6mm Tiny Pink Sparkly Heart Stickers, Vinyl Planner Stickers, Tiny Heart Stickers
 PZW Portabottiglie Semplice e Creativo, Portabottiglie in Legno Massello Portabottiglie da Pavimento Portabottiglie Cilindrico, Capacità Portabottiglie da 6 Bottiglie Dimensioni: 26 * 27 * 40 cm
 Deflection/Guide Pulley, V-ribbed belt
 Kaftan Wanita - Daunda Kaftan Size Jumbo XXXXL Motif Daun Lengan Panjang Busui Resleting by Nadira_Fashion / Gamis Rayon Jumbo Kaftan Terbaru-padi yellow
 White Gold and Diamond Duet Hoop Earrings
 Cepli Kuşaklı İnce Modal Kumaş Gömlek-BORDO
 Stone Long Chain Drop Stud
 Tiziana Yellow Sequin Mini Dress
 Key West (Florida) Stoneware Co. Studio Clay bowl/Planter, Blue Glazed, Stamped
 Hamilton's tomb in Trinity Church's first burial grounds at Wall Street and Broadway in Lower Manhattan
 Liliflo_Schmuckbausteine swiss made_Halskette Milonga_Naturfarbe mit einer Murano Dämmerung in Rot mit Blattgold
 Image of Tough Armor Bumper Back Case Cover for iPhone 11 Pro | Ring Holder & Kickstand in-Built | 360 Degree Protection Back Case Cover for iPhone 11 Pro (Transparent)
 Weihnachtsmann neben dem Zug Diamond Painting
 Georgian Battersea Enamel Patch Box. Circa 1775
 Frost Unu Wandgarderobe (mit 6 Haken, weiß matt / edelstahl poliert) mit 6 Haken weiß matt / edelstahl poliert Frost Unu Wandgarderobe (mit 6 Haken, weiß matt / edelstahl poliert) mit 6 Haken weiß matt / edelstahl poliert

##############################

What this task involves
The answer should consist of all lines from the records above that hold the word "Diamond".

Result for this task
 White Gold and Diamond Duet Hoop Earrings
 Weihnachtsmann neben dem Zug Diamond Painting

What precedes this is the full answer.